Entries taken from a collection:
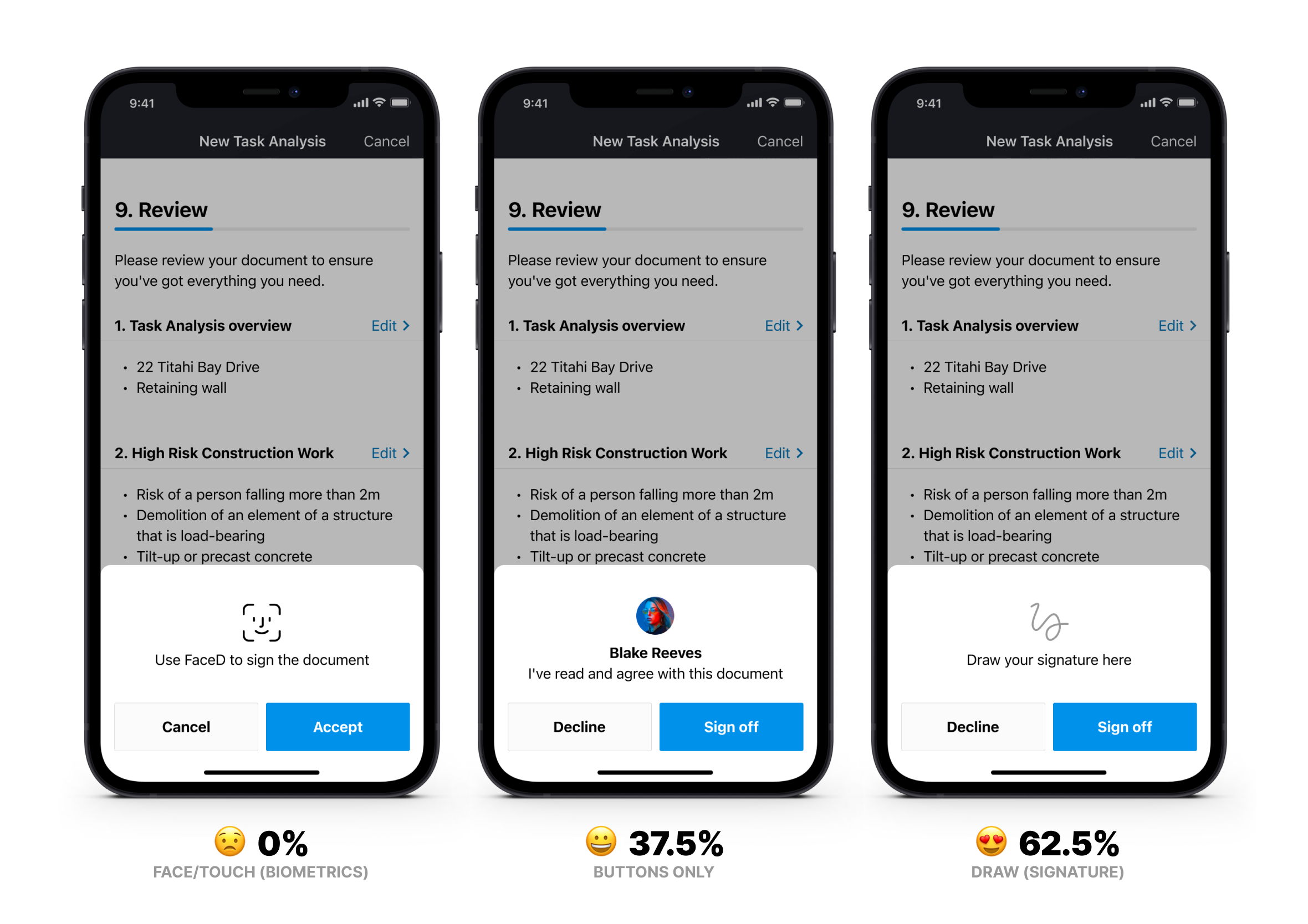 Three sign-off concept designs for HazardCo health and safety reports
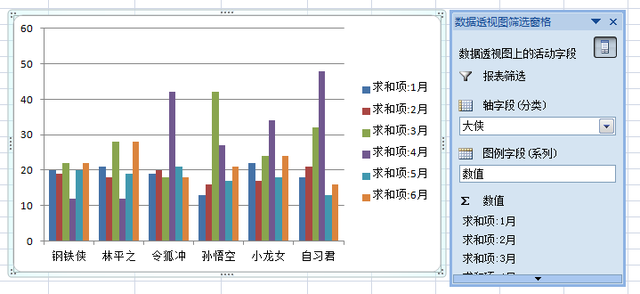 如何用Excel表格画统计图，怎么用excel表格制作统计图（如何用透视表做excel图表）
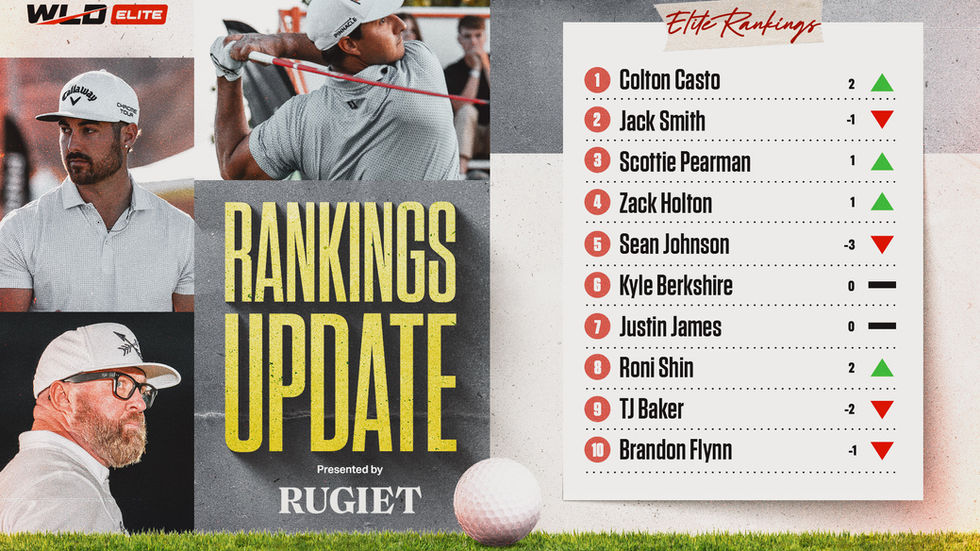 WLD Rankings Update presented by Rugiet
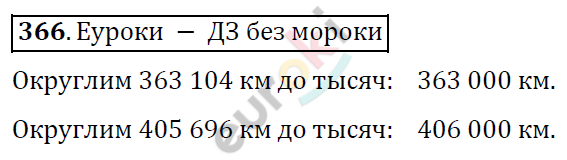 Математика 6 класс. ФГОС Дорофеев, Шарыгин Задание 366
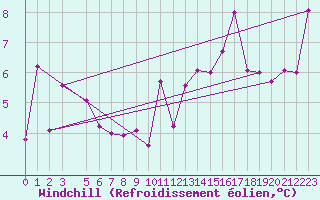 Courbe du refroidissement olien pour Bad Aussee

▶ **Exercise brief**
With the pictures removed, print the entries above exactly.

▶ **Answer to the exercise**
 Three sign-off concept designs for HazardCo health and safety reports
 如何用Excel表格画统计图，怎么用excel表格制作统计图（如何用透视表做excel图表）
 WLD Rankings Update presented by Rugiet
 Математика 6 класс. ФГОС Дорофеев, Шарыгин Задание 366
 Courbe du refroidissement olien pour Bad Aussee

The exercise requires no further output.